Exercise input section start

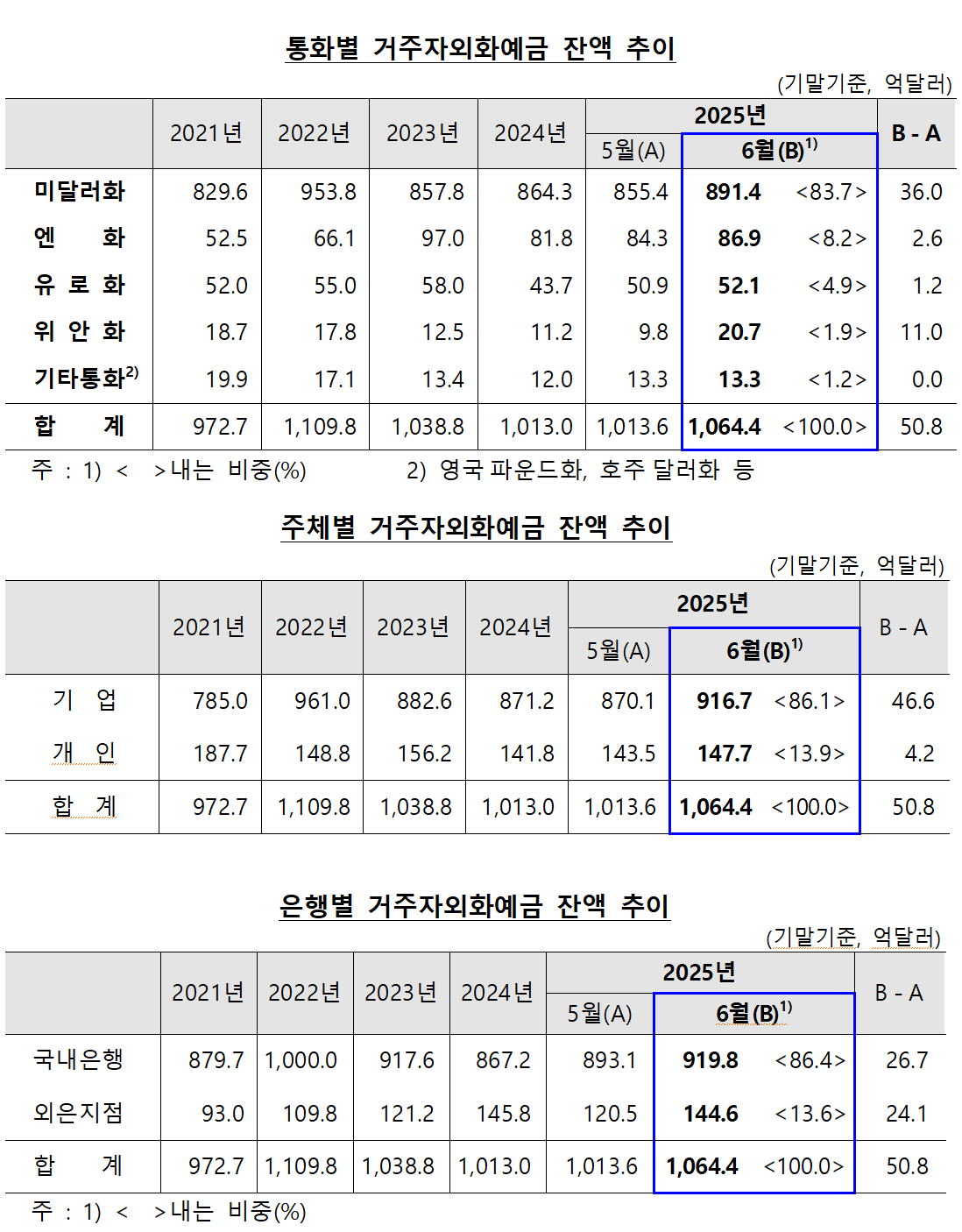 /자료=한국은행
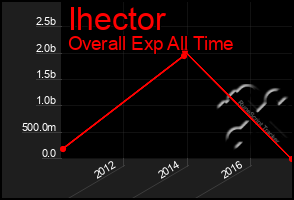 Total Graph of Ihector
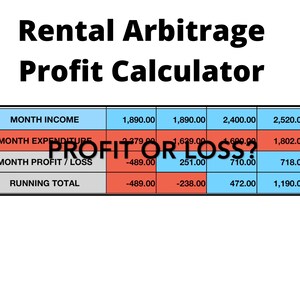 May include: A table showing a rental arbitrage profit calculator. The table has four columns, each representing a month. The columns are labeled "Month Income", "Month Expenditure", "Month Profit/Loss", and "Running Total". The table shows the income, expenditure, profit or loss, and running total for each month.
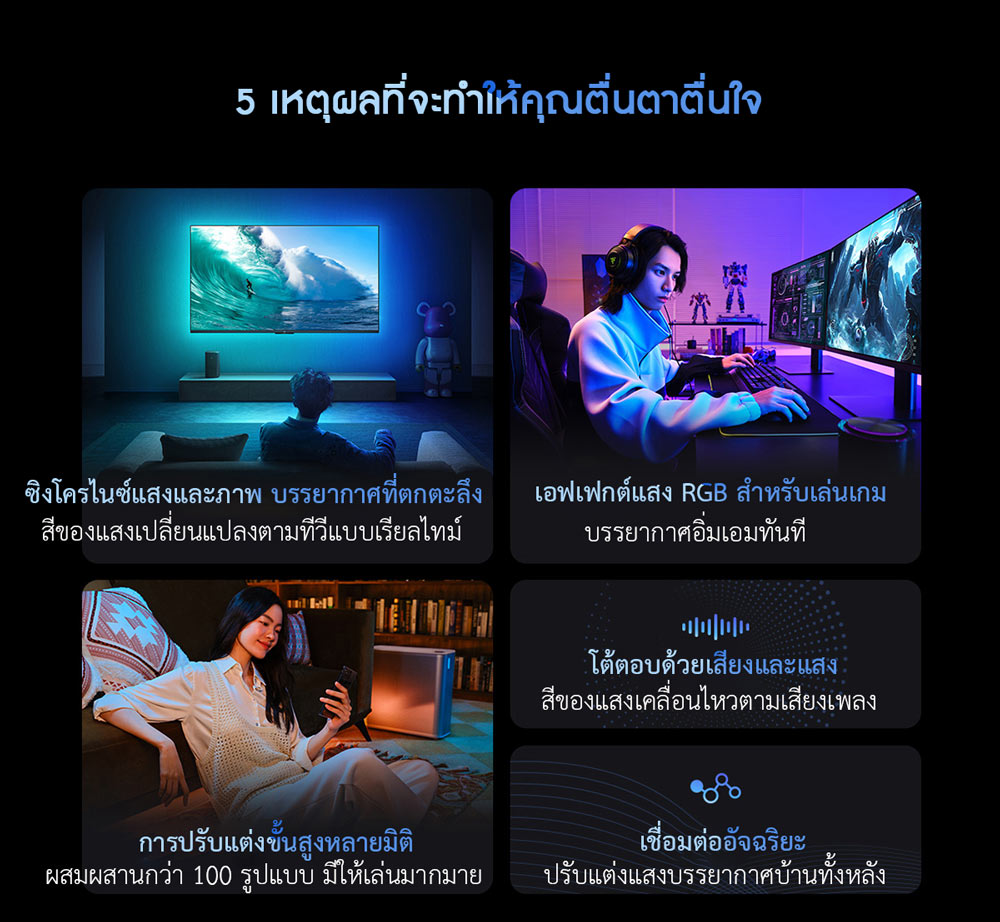 Xiaomi Smart Light Strip Pro - ไฟเส้นเสี่ยวหมี่ รุ่นโปร (CN)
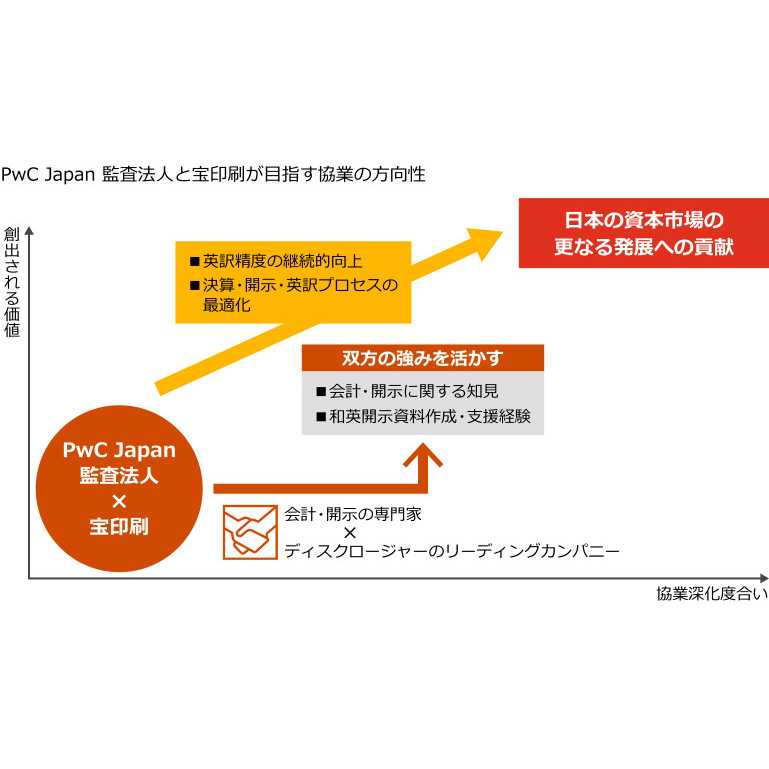 PwC Japan有限責任監査法人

Exercise input section end

**Exercise instructions:** Quote each entry above verbatim and drop the pictures.

**Response to this task:**
 /자료=한국은행
 Total Graph of Ihector
 May include: A table showing a rental arbitrage profit calculator. The table has four columns, each representing a month. The columns are labeled "Month Income", "Month Expenditure", "Month Profit/Loss", and "Running Total". The table shows the income, expenditure, profit or loss, and running total for each month.
 Xiaomi Smart Light Strip Pro - ไฟเส้นเสี่ยวหมี่ รุ่นโปร (CN)
 PwC Japan有限責任監査法人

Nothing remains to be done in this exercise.